- The paper introduces fractional bits quantization, progressively reducing model precision from 32 to 4 bits while maintaining high output fidelity.
- It employs curriculum-learning-inspired optimization that smooths transitions between precision levels to minimize performance degradation.
- The method achieves improved on-device deployment efficiency, evidenced by a 16% reduction in FiD scores compared to state-of-the-art techniques.
 
 
      FraQAT: Quantization Aware Training with Fractional Bits
Introduction
The paper "FraQAT: Quantization Aware Training with Fractional bits" presents an innovative approach to Quantization Aware Training (QAT) by integrating fractional bits in the quantization process. The proposed method is designed to enhance the deployment efficiency of large generative models on resource-constrained devices, such as smartphones. Generative models have achieved remarkable capabilities in tasks like image synthesis and text generation, driven by increasingly large model sizes, which present significant challenges in terms of computational resources and deployment latency.
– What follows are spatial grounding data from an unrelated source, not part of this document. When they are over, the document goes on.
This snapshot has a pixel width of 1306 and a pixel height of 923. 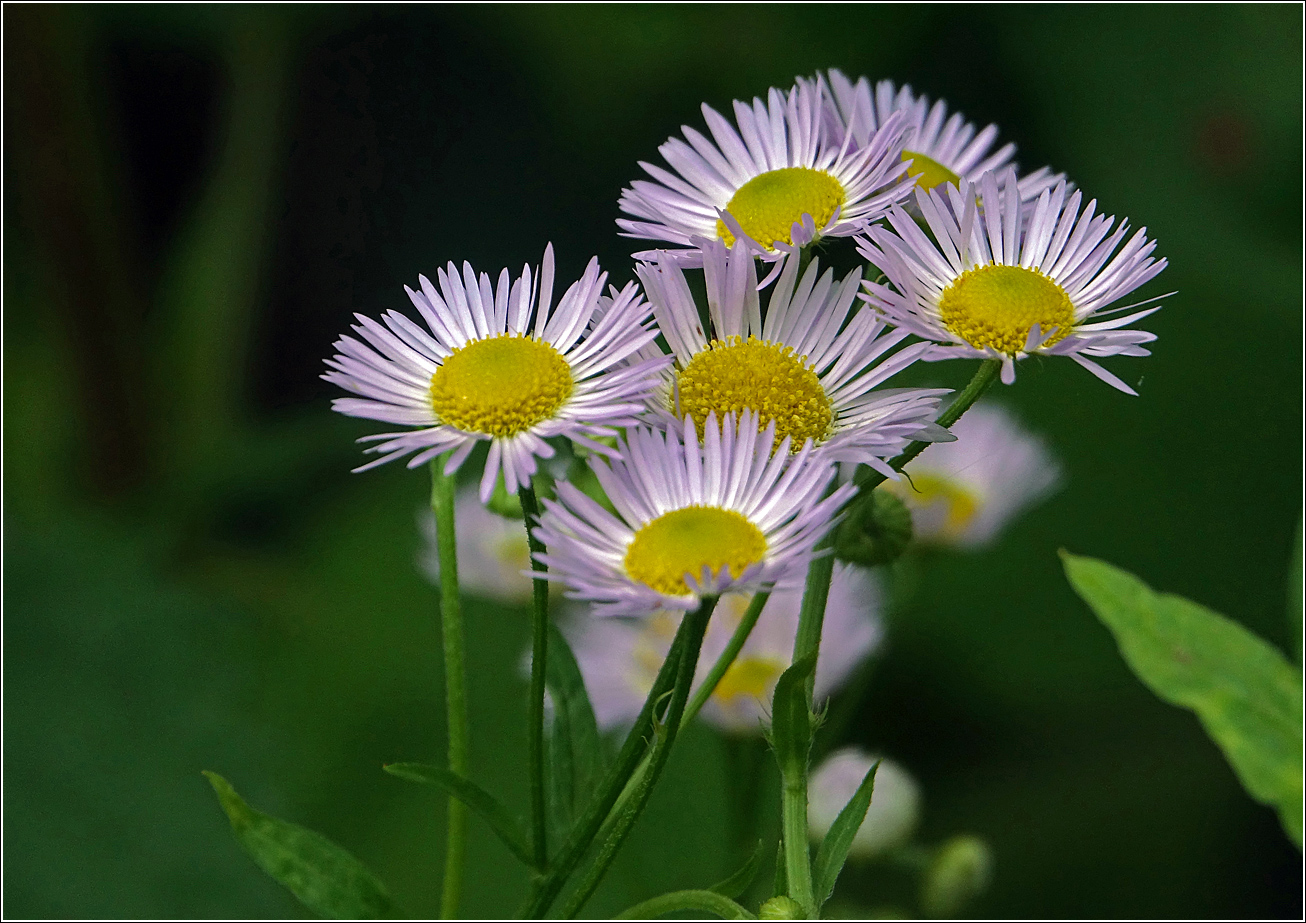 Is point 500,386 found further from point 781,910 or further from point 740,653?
point 740,653

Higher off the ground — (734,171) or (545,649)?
(734,171)

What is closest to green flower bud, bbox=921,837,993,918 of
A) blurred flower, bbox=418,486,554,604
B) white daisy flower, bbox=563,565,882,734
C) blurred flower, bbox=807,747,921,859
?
blurred flower, bbox=807,747,921,859

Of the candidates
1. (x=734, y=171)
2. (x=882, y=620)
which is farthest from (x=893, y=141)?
(x=882, y=620)

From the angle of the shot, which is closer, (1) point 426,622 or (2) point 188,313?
(1) point 426,622

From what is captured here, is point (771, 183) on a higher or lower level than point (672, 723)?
higher

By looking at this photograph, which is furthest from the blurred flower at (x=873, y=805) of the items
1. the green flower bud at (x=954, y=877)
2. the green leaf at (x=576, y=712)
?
the green leaf at (x=576, y=712)

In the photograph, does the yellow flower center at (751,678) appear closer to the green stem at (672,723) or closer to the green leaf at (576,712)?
the green leaf at (576,712)

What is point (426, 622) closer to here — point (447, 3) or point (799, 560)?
point (447, 3)

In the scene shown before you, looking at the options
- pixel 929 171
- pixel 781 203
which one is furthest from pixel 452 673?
pixel 929 171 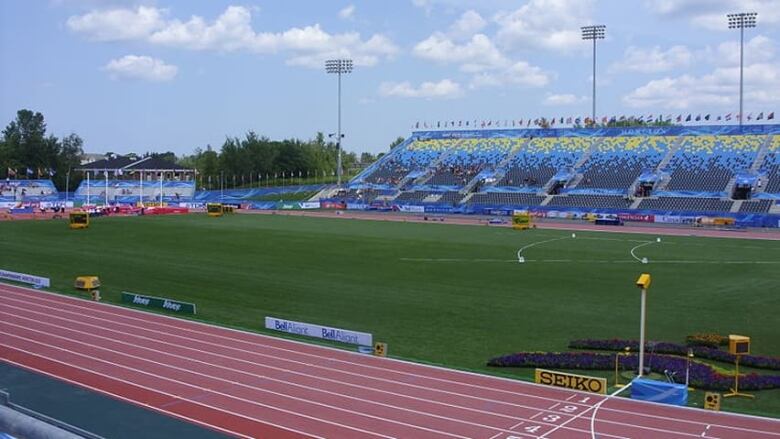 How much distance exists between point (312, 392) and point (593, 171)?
72568mm

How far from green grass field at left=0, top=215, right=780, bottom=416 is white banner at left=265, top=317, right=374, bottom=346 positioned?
99cm

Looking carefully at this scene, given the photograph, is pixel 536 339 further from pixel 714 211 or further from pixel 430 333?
pixel 714 211

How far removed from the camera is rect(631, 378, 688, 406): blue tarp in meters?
15.6

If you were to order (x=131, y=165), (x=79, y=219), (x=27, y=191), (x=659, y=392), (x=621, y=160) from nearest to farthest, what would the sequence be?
1. (x=659, y=392)
2. (x=79, y=219)
3. (x=621, y=160)
4. (x=27, y=191)
5. (x=131, y=165)

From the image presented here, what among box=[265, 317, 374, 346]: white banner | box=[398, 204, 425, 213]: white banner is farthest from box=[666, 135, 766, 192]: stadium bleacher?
box=[265, 317, 374, 346]: white banner

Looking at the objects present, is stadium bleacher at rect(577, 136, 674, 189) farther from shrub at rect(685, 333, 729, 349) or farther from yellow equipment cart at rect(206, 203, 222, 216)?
shrub at rect(685, 333, 729, 349)

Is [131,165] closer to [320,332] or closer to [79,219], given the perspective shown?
[79,219]

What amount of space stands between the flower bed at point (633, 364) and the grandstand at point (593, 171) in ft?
177

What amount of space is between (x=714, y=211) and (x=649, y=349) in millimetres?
53545

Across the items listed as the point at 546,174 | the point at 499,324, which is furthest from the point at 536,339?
the point at 546,174

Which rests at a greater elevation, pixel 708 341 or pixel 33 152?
pixel 33 152

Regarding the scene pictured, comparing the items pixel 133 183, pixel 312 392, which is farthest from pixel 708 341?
pixel 133 183

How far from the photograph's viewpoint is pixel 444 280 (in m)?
34.5

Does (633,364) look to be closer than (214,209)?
Yes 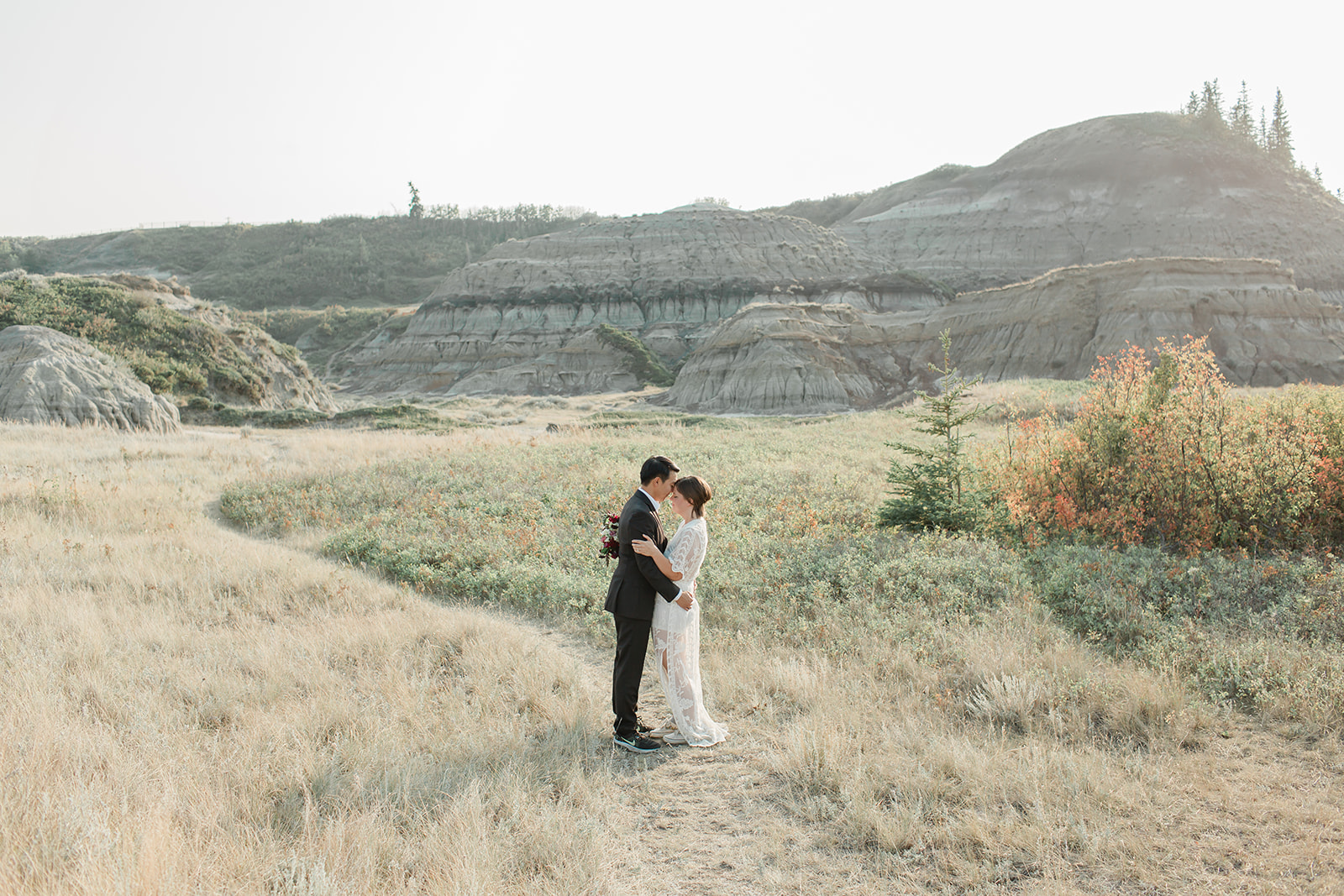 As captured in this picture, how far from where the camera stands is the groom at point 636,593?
4.86m

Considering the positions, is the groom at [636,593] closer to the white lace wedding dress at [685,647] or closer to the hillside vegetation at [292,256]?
the white lace wedding dress at [685,647]

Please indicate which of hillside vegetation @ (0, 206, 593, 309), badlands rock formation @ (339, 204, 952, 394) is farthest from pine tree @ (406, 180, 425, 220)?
badlands rock formation @ (339, 204, 952, 394)

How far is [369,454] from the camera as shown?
1870 cm

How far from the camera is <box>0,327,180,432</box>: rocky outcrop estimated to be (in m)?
21.9

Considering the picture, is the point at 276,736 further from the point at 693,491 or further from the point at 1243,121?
the point at 1243,121

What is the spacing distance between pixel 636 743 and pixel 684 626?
883 millimetres

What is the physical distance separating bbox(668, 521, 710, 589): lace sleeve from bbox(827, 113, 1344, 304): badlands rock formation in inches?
2869

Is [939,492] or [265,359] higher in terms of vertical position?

Quantization is a well-established technique to address these constraints by reducing the precision of model parameters, thereby enabling more efficient computations.
Methodology
FraQAT introduces fractional bits quantization, a novel approach that combines the concepts of progressive precision reduction and exploitation of fractional bits during optimization. The core idea is to transition models from high precision (32-bits) to lower precision (4-bits) while utilizing fractional bits to maintain high quality. This approach is inspired by Curriculum Learning, wherein the complexity of the task is gradually increased during training. The methodology is structured around two main components:
- Progressive Precision Reduction: Gradually lowering model parameters' precision from 32 to 4 bits, fine-tuning each intermediate level of precision to ensure stability and retention of model quality.
- Fractional Bits Optimization: Leveraging fractional bits to smooth transitions and maintain output fidelity during training, thereby minimizing performance degradation.
The algorithm follows a schedule that moves through intermediate fractional precision levels, thus facilitating more refined optimization paths and reducing outliers, which are known to disrupt low-precision quantization processes.
Implementation
The implementation of FraQAT involves quantizing linear layers, given their substantial contribution to the parameter count in large models. The process begins with a pre-trained high precision model and follows an optimization schedule that progressively decreases precision while using knowledge distillation to guide the student model to replicate the teacher model's outputs. By empirically targeting models for deployment under W4A8 quantization, FraQAT demonstrates practicality and effectiveness on devices with low-precision hardware support, such as the Qualcomm SM8750-AB Snapdragon 8 Elite Hexagon Tensor Processor.





 
Figure 1: FraQAT is a Quantization aware Training (QAT) technique granting generative models high fidelity at a reduced training time.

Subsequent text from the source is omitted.